__DATASET RECORDS__
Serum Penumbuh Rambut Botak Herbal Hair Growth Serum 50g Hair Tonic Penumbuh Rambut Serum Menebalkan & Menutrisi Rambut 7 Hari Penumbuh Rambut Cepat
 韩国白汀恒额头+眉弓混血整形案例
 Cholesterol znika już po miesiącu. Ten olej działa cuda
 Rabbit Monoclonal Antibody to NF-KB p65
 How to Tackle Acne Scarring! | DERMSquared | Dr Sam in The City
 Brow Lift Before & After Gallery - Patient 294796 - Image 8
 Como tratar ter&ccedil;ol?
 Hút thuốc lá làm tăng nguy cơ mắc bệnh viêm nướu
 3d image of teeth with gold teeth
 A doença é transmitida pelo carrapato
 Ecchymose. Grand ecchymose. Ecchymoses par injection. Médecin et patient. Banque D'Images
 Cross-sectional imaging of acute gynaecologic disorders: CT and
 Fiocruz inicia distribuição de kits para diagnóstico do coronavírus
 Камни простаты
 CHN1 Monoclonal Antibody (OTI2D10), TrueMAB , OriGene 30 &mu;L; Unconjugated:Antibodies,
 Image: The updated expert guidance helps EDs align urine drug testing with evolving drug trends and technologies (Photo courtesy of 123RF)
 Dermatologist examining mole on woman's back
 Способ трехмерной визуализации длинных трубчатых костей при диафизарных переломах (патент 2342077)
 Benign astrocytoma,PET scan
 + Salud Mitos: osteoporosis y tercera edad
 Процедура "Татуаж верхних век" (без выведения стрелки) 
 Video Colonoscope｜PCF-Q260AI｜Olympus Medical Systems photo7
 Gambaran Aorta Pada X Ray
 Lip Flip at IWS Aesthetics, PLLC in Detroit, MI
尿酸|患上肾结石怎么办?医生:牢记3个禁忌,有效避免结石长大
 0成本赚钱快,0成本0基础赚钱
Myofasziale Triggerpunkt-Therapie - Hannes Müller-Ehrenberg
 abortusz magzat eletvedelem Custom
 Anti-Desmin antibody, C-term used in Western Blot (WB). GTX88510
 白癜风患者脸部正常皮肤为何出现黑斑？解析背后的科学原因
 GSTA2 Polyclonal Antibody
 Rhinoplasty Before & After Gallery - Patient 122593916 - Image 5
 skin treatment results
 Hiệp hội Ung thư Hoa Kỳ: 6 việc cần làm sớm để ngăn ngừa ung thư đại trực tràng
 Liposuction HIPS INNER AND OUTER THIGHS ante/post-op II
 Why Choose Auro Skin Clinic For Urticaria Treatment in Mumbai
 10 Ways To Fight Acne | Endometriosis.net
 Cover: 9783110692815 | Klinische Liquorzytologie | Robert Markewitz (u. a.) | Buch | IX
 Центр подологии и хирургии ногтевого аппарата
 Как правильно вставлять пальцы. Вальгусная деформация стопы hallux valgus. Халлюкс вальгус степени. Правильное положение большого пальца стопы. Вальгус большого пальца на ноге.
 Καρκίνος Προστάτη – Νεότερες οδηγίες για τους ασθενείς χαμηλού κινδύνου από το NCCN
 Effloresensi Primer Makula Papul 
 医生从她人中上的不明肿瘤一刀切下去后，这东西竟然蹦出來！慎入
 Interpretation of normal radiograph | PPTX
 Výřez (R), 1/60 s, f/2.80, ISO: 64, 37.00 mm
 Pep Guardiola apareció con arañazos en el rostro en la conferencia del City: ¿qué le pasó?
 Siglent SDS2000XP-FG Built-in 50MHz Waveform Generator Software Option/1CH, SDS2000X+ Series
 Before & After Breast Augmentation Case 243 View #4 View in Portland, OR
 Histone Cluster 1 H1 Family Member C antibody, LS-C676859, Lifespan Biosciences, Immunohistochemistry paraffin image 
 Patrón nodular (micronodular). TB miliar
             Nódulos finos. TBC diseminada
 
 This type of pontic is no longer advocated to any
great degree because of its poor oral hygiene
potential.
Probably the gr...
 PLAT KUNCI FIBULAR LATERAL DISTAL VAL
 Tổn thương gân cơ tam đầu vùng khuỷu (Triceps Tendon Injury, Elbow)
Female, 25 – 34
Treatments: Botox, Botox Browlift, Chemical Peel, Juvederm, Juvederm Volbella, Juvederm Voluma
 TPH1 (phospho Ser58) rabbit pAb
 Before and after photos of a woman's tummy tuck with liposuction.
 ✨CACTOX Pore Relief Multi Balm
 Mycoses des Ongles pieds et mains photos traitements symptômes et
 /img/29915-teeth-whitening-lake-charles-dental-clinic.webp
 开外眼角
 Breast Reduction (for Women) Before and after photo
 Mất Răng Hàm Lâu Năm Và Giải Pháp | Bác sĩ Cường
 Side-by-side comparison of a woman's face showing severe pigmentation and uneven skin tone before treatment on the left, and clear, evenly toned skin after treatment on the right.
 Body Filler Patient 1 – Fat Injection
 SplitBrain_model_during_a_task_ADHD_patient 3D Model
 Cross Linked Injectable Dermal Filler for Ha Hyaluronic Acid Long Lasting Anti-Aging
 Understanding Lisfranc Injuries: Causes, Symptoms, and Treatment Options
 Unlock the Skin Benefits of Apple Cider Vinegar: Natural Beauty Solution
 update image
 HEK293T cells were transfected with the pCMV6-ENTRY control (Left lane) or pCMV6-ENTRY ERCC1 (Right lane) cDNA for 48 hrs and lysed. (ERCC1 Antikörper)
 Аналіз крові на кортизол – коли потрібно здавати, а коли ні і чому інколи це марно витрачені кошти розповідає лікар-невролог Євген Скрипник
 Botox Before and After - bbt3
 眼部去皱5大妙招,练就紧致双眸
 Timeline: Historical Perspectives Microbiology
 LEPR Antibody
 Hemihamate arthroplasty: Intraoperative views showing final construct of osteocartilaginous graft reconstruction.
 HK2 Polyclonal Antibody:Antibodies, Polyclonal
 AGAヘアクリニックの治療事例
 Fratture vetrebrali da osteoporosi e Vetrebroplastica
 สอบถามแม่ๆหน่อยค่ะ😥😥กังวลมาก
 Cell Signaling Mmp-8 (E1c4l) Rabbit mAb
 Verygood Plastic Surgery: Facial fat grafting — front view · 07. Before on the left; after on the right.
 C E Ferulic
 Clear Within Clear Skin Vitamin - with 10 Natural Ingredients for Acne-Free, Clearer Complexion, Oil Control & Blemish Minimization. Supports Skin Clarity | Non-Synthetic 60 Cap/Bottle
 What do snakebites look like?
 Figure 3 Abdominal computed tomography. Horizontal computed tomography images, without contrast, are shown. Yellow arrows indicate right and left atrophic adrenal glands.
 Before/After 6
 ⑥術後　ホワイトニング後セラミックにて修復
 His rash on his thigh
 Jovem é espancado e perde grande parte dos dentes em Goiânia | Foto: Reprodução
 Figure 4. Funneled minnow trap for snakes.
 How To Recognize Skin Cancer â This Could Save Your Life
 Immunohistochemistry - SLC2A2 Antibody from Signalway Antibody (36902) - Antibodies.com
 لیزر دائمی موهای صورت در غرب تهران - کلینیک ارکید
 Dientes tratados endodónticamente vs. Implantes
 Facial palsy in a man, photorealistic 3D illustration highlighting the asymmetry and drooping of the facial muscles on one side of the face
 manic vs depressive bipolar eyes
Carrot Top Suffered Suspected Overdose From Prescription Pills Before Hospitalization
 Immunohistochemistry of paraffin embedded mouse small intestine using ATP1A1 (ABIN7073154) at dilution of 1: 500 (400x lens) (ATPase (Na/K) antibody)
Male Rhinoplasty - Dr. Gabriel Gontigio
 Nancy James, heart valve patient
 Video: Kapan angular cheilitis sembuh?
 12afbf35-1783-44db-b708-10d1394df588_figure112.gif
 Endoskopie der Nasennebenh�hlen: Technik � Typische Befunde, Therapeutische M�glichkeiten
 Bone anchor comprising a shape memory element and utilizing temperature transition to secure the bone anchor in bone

__YOUR INSTRUCTIONS__
Which lines belong in the answer? Exactly those from the first line of the entries through the line holding "Ecchymose. Grand ecchymose.", inclusive, copied unchanged.

__WRITTEN SOLUTION__
Serum Penumbuh Rambut Botak Herbal Hair Growth Serum 50g Hair Tonic Penumbuh Rambut Serum Menebalkan & Menutrisi Rambut 7 Hari Penumbuh Rambut Cepat
 韩国白汀恒额头+眉弓混血整形案例
 Cholesterol znika już po miesiącu. Ten olej działa cuda
 Rabbit Monoclonal Antibody to NF-KB p65
 How to Tackle Acne Scarring! | DERMSquared | Dr Sam in The City
 Brow Lift Before & After Gallery - Patient 294796 - Image 8
 Como tratar ter&ccedil;ol?
 Hút thuốc lá làm tăng nguy cơ mắc bệnh viêm nướu
 3d image of teeth with gold teeth
 A doença é transmitida pelo carrapato
 Ecchymose. Grand ecchymose. Ecchymoses par injection. Médecin et patient. Banque D'Images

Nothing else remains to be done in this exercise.